The crypto and NFT industry was shaken last week when Silicon Valley Bank (SVB) was seized by California state regulators due to liquidity concerns. The Federal Deposit Insurance Corporation (FDIC) has since stepped in to help bank customers access their funds, but the incident has had a profound impact on non-fungible token (NFT) trading activity and volume.
According to Dappradar’s latest report released Wednesday, there were only 12,000 active NFT traders on Saturday March 11 – the day after SVB’s collapse – a number not seen since November 2021. On that same day there were 33,112 single NFT trades -the lowest of 2023 thus far- indicating an overall decrease in interest for digital asset trading following the bank’s closure. Overall from beginning of March until now ,NTF trading volumes have dropped 51%, with sales declining at an even steeper rate of 66%.

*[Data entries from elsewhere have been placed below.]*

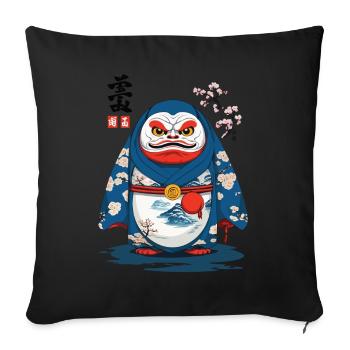 Esthétique japonaise Daruma Yokai Streetwear - Housse de coussin décorative 45 x 45 cm - noir - Devant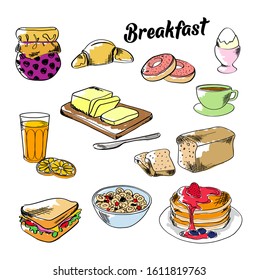 Breakfast Food Illustrations Menu Hand Drawn Stock Vector (Royalty Free ...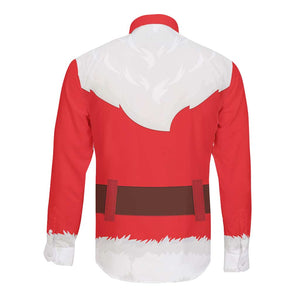 Black Santa Costume Long Sleeve Button Shirt Christmas Holiday Cosplay - African Pride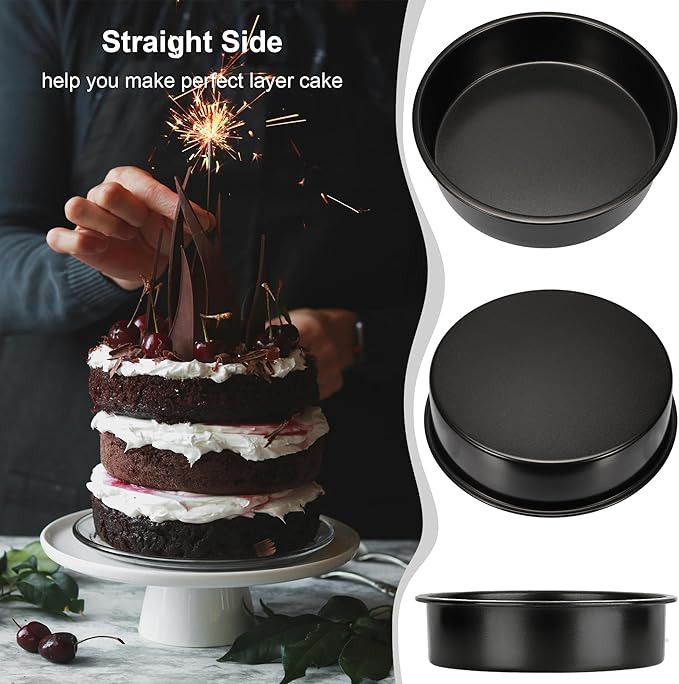 8 Inch Cake Pan, 3PCS Nonstick Baking Pans Set with 100PCS Parchment Paper
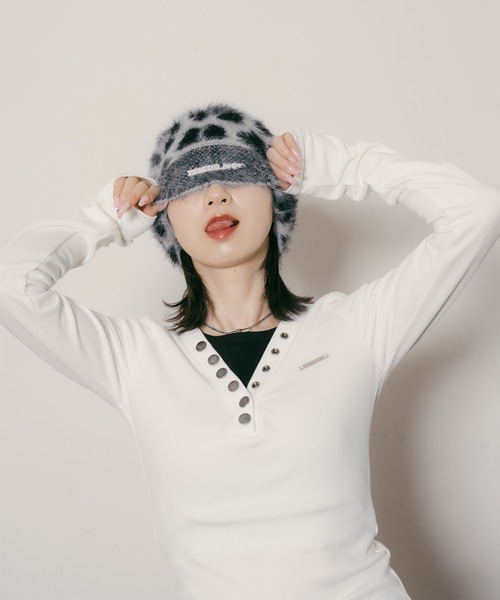 Subciety(サブサエティ)の「Button V-NECK tee【WOMEN】(Tシャツ/カットソー・レディース・ホワイト/ブラック・FREE)」の10枚目の写真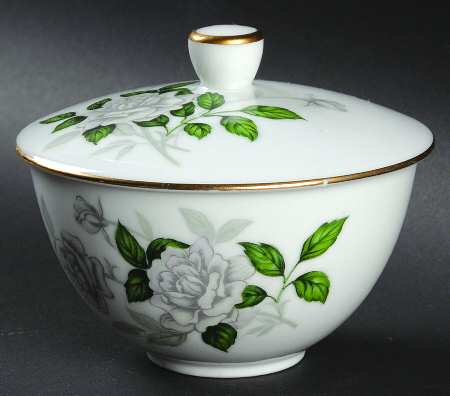 Grey Pearl (Gold Trim) Sugar Bowl & Lid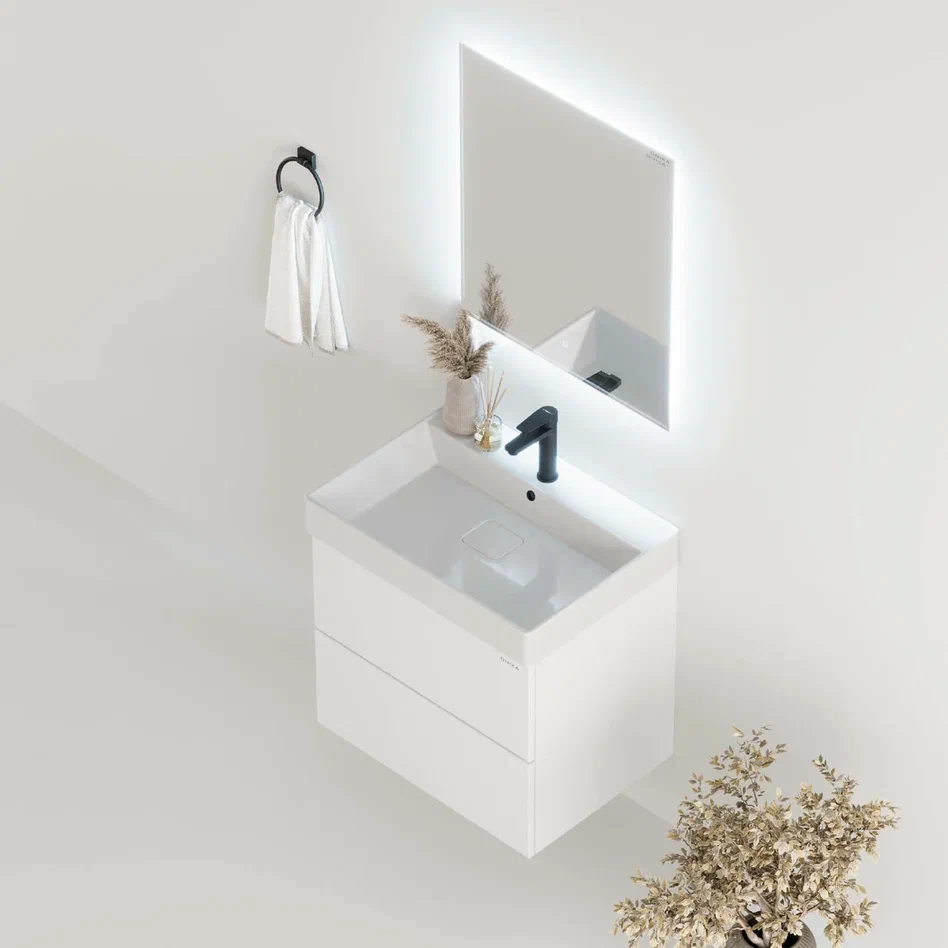 Onika Тумба с раковиной Эсквана 65 подвесная белая – фотография-8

This news comes as no surprise considering many investors who held digital assets from companies exposed to SVB made moves quickly offload their assets before any further losses occurred . It is likely that these numbers will continue dropping over time if more measures are not taken soon by both state and federal authorities alike .
In light of this situation it is important for crypto investors and enthusiasts alike be aware about potential risks associated with holding digital assets within banks or other financial institutions which may be susceptible similar situations like what happened with Silicon Valley Bank . Taking steps such as diversifying investments across multiple exchanges can help mitigate risk while also helping ensure your funds remain secure during times uncertainty or market volatility.